= Lawrence Appel =

American academic

Lawrence J. Appel is the C. David Molina Professor of Medicine and Director of the Welch Center for Prevention, Epidemiology and Clinical Research at Johns Hopkins University, a joint program of the Johns Hopkins University School of Medicine and the Bloomberg School of Public Health. Dr. Appel is a primary care internist who holds a primary appointment in the Department of Medicine with joint appointments in the Department of Epidemiology, International Health, and Nursing. In addition, he directs the ProHealth Clinical Research Unit. The focus of his career is the conduct of clinical, epidemiologic, and translational research pertaining to the prevention and control of high blood pressure, cardiovascular-kidney diseases, and other chronic conditions, primarily through nutrition-based interventions.

==Education==
Appel received his M.D. from New York University School of Medicine in 1981 and his M.P.H. from the Johns Hopkins Bloomberg School of Public Health in 1989.

==Career==
Appel joined the faculty of Johns Hopkins University in 1989, and became the director of their Welch Center for Prevention, Epidemiology and Clinical Research in 2010. He was a member of the United States Dietary Guidelines committees in 2005 and 2010.

==Research==
Appel's research consists of three different types of studies: controlled feeding studies, behavioral intervention trials, and cohort studies pertaining to chronic kidney disease.

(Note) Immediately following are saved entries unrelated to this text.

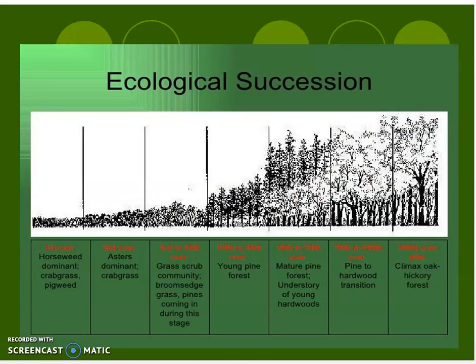That is your lesson on ecological succession. Please go back and fill in your note sheet that goes with this lesson. Thank you.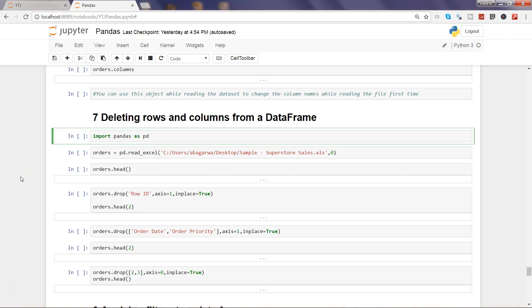Hi guys, welcome to the seventh video of this series where I will talk about how you can delete rows and columns from a data frame. Let's go ahead and start it by importing the pandas libraries.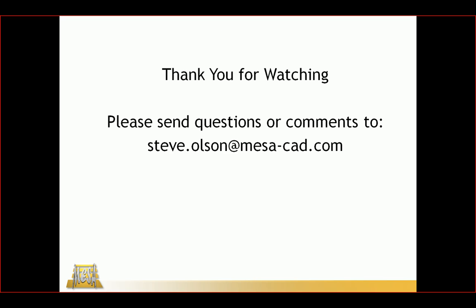I want to thank you for watching this video. If you have any questions or comments, please feel free to reach out to me at my email address on the screen. And again, thank you for watching.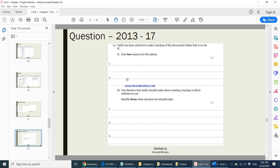One decision Sabit should make when creating a backup is which software to use. Identify three other decisions he should make. He should consider: the physical location where he will keep the backup; the time to do the backup — ideally when nobody is using the system; the frequency of the backup — every day, once a week, or once a month; and what media he will use, such as a flash drive or external hard disk.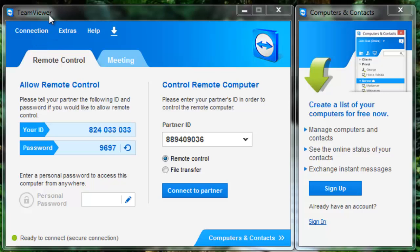First you need to download this software. The software name is TeamViewer. Download this software.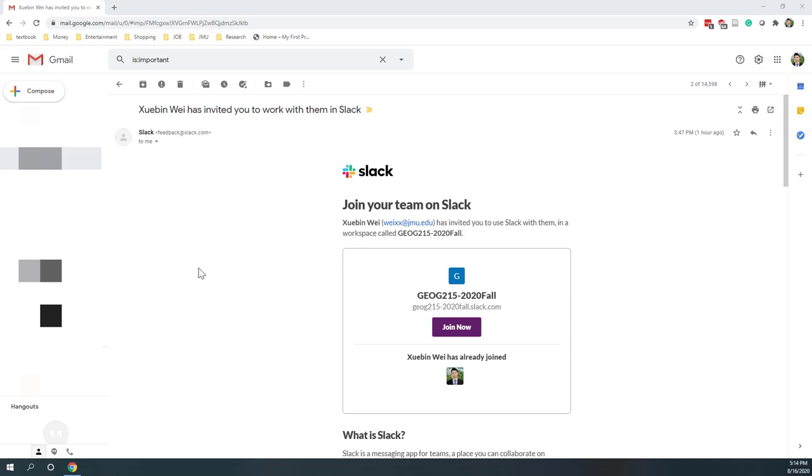Okay, so here I'm going to demo how to use Slack. You should have received an email that I invited you to join one of my classes in the following semester.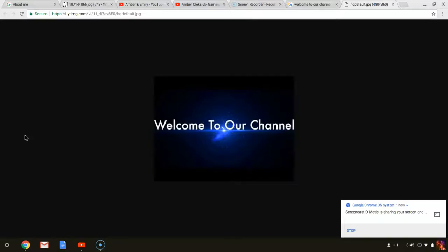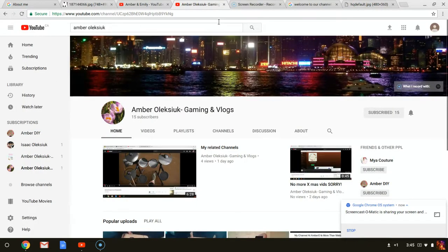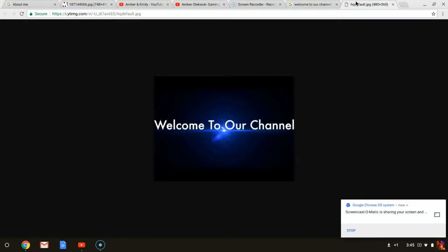Welcome to our channel. This is a new channel and if you haven't already been on my old channel, it is Amber Alexiak. So our new channel is Amber and Emily. I'm Amber and my sister is Emily. Say hi! Yeah, they already know me. So if you don't know Amber Alexiak or any of her accounts, then just don't worry about it.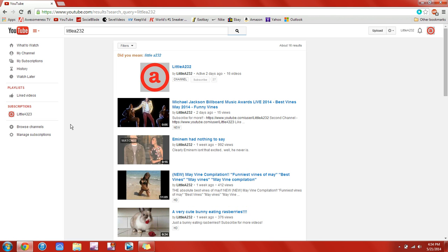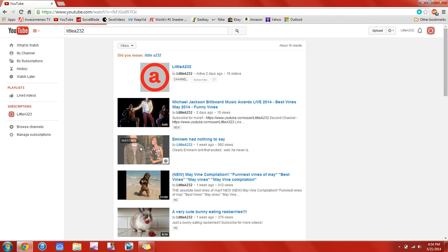So what you want to do is open up your browser and go to YouTube and just find any video that you want. I just typed in my channel.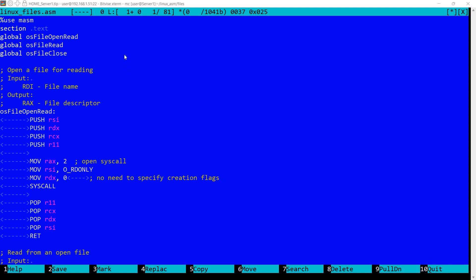In this video I will explain how to read from a file in Linux. In order to read from a file you actually need three syscalls. The first syscall is open the file, then actually read from the file, and finally close the file.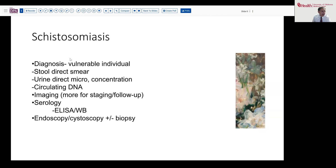First, finding a person who has the right social background and exposure history. The more straightforward approach is that the eggs are usually secreted through the stool — direct smears or concentration techniques — or sometimes through urine. More recently, we have developed circulating DNA tests that potentially allow us to detect shed DNA from the actual worms. Imaging has a relatively limited role in diagnosis, useful mainly for staging or follow-up.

In 1997, he was the lead author of the study that coined the term "DASH diet". He has also been credited with convincing the FDA that food companies should be able to put labels on their products saying that potassium has health benefits. In 2014, he published a study that found that a low-glycemic index diet did not improve insulin sensitivity, cholesterol levels or blood pressure compared with a high glycemic-index diet.

==Honors and awards==
Appel was elected to the Institute of Medicine in 2012.